Ledger’s solution: Thanks to the admin rule, the authorization of multiple admins is required to create a wallet and define its specific governance rules. Since administrators cannot create a transaction, the administrator would need to collude both with the requisite number of other administrators, and the correct number of operators in order to successfully create and confirm a malicious transaction. Each step they perform in this process would be recorded and viewable on the platform for other non-malicious users to see, leading to a high probability that an internal attack could be thwarted by a non-malicious party.

Fat finger errors are another common problem when dealing with financial transfers and occur when a privileged user in an authorization flow makes a mistake or accidentally confirms something by pressing the wrong key/clicking the wrong option etc. In the case of managing digital asset transfers, fat finger errors could include entering the wrong digital currency amount, making a mistake with the withdrawal address or accidentally confirming a flawed transaction.

Ledger’s solution: *All transactions created on the Vault are subject to a customizable approval flow, which can require a minimum number of operator validations and approvals or other conditions to be met before the transfer is signed and broadcast. Depending on the perceived risk of a fat finger error, the number of operators required to confirm the transaction can vary, allowing Vault customers to add as many layers of checks as necessary before a transaction is confirmed. Vault customers also have the option to set conditional workflows based upon whitelisted addresses and transaction thresholds. This means that if an employee accidentally added a 0 to the end of a transaction size, it could automatically require additional approvals from the compliance team, eliminating the risk of sending incorrect values or even to erroneous addresses.

The signature of a rogue firmware or script is potentially one of the most damaging exploits possible, since this could allow the installation of backdoored firmware on the HSM and potentially lead to extraction of the secrets.

Ledger’s solution: This would require the collusion of multiple Ledger executives since signing a new firmware is a multi-signature process. Several safeguards are in place to prevent this scenario, Including automatically notifying Vault users of an intended update to the HSM firmware, in addition to automatic deletion of all HSM data during the update process.

Overcoming Obstacles in Digital Asset Management

With the Vault product, Ledger aims to enable firms of all sizes to benefit from secure digital asset storage without sacrificing accessibility. To achieve this, Ledger utilizes a two-pronged security solution consisting of a remote HSM component and multiple customer-side PSD components—these underpin a flexible governance system that acts to restrict and refine how administrators and operators can interact with accounts on the Vault.

Our HSMs are supplied by Gemalto, and have a security rating of FIPS-140-2 Level 3 (Federal Information Processing Standard) (3), which ensures a high requirement for role-based authentication and protection against tampering. These HSMs are hosted and operated by Equinix, the world’s largest data centre provider, which complies with the highest standards of security and operates strict access protocols.

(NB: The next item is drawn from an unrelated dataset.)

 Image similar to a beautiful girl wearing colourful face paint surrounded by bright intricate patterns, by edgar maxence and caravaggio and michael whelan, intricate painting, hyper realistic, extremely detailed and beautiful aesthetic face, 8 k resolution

Our secure elements are produced by ST Microelectronics, Europe’s largest semiconductor chip manufacturer, and are EAL5+ certified. These include several defenses against tampering, including a mesh and light sensors, and will automatically wipe contained keys when a tampering event is detected. All private keys, user IDs and encryption keys are generated offline using AIS-31 true random number generators, ensuring maximum entropy.

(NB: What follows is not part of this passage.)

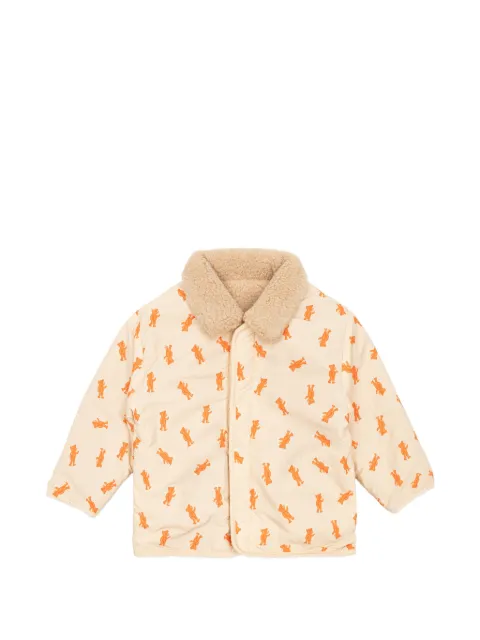 Bobo Choses bear-print fleece-collar jacket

Ledger also protects customers by removing itself as a potential single point of failure by helping customers create a 3-part backup of their vault during the onboarding process. These backups should be stored in geographically diverse locations to maximize safety against theft or coercion-based attacks. Additional training is provided to customers, offering a briefing on secure storage of the master seed shards and best practices.

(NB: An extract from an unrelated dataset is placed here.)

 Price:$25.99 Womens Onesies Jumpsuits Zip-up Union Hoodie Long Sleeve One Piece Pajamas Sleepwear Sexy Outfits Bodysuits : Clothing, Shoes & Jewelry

Should Ledger cease to exist, Vault funds would remain intact and could be easily recovered using the customer’s backups. Ledger remains unable to access user funds under any circumstance.

Insuring Against Unforeseen Threats

Although Ledger offers best-in-class security for digital assets without compromising on accessibility and granular control, there is always the remote possibility that unforeseen exploits could undermine the safeguards we and customers put in place, potentially leading to loss of funds.

To account for this possibility, Ledger obtained a $150 million insurance plan provided by Arch Capital Group — a syndicate of Lloyd’s of London, one of the world’s leading insurance markets. This end-to-end insurance plan covers Vault customers against crimes both during the onboarding process and throughout operations, allowing customers to use Ledger’s Vault services for the custody of their digital assets without worries.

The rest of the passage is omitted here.